Not for the most part. As we noted in a previous question, add and subtract, carry-out, and with or without carry-in all work the same for unsigned and signed, so generally an instruction set won't provide separate instructions for signed vs. unsigned arithmetic.

(Unless it is providing instructions that automatically trap (throw exception) on overflow: then the processor will need to know if it should check signed or unsigned overflow, which means two different instructions for each of signed and unsigned).

However, for converting short values to longer values there will often be one capability for unsigned (sometimes called zero extension) and another for signed (sometimes called sign extension). Which is to say you want to convert either a unsigned byte into a signed or unsigned 16-bit value or a signed byte into a signed 16-bit value. Sometimes an instruction set will combine zero extension or sign extension with the load (from memory) instruction, so can have several kinds of byte load, for example.

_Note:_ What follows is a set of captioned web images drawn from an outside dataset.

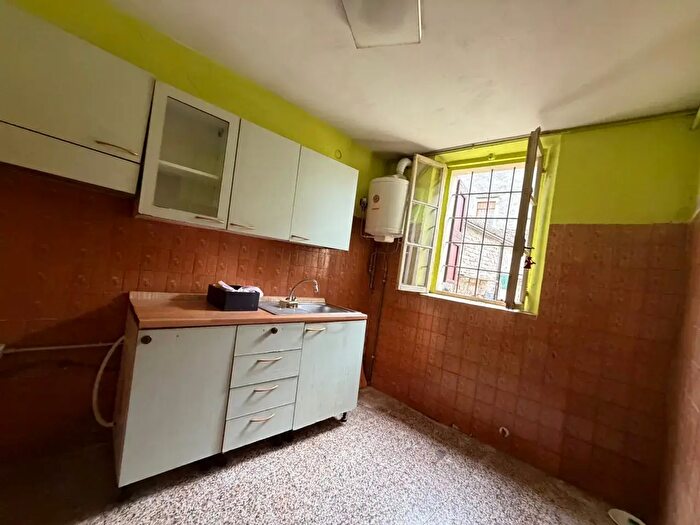 Casa con 6 locali in vendita in Via T Righi, Brescello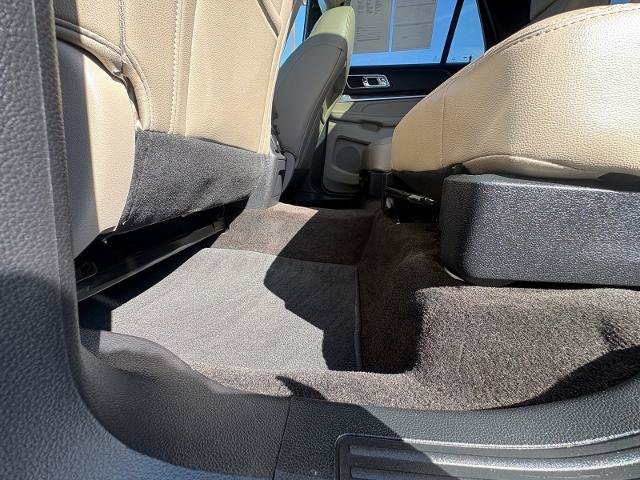 Certified 2018 Ford Explorer Limited w/ Equipment Group 301A FWD image 31
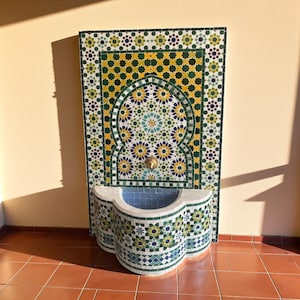 Fuente de pared de mosaico rústico personalizable: fuente de agua de mediados de siglo en verde amarillento para interior y exterior, ideal para su jardín o patio.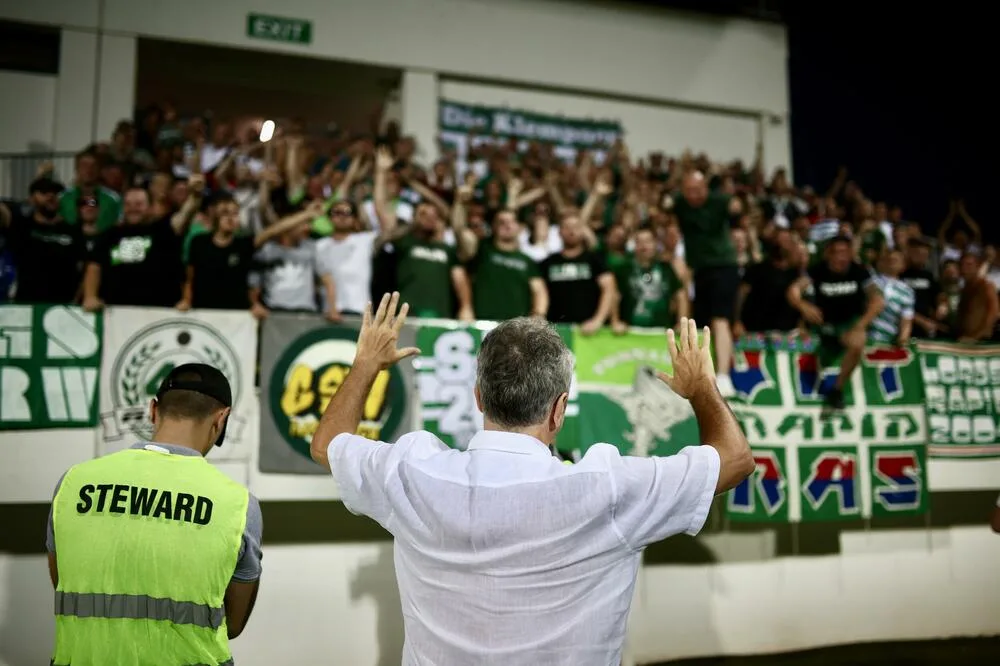 Navijači Rapida ovacijama pozdravili Genija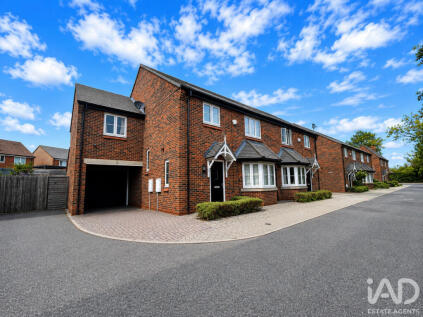 Long Acre Drive, Warwickire, CV37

The 8085 does not provide either zero extension or signed extension. However, some processors, like the 8085, can use two registers as a pair. So to convert an unsigned byte in the A register to a 16-bit unsigned value, we would move A into C and clear B, then use the B/C pair for the two byte value.

For sign extension of a signed byte in the A register, we would similarly move A to C, and then depending on a sign bit test for A, either clear B or set B to -1, with the signed 16-bit result in the B/C pair.

The compare instruction, CMP, on the 8085 provides for both unsigned compare and signed compare of bytes but the signed compare is undocumented and also not supported by the branch instructions!

To conditionally branch after a compare instruction, first decided if you want to interpret the two bytes as both signed or both unsigned.

For unsigned, we will test the carry bit for the value as documented by the CMP instruction. You would JNC or JC depending on how you wanted program flow altered and based on whether your testing for less than, or greater than.

For signed, you can use the undocumented K bit in the flags of the processor status word. However, there are no branch instructions for this bit so it is a bit of a process to extract the information. First, you push the whole 16-bit processor status word onto the stack, then pop it into the B/C register pair. Next move the C register, which holds a copy of the flags byte, into the A register, so we can now ANI "and immediate" with a byte value having a single bit set in the K register position and the rest clear. Finally we can now test the Z bit using JZ or JNZ conditonal branch instructions.

(If you had the relatively uncommon case of one signed byte and one unsigned byte, one technique would be to convert them both to 16-bit (or larger) signed values and compare using signed (16-bit) compare, which is how I'd approach this on a more capable processor; but on the 8085, all those operations are rather expensive, so I'd probably first test the unsigned byte for > 127, and if it was we'd know it is larger than the signed byte, and otherwise we can use the signed byte compare sequence.)

OTHER TIPS

The F-register is a special one which holds different flags. You can read and evaluate it. If you have an add-operation that overflows, it will set the carry bit in the F-register. A carry over is created if the MSB of either operand is set and the bitwise addition result is larger than the target. E.g. if you add the two unsigned bytes 0x80 and 0x81 the result would be 0x101. So the carry bit is set and the result holds just 0x01.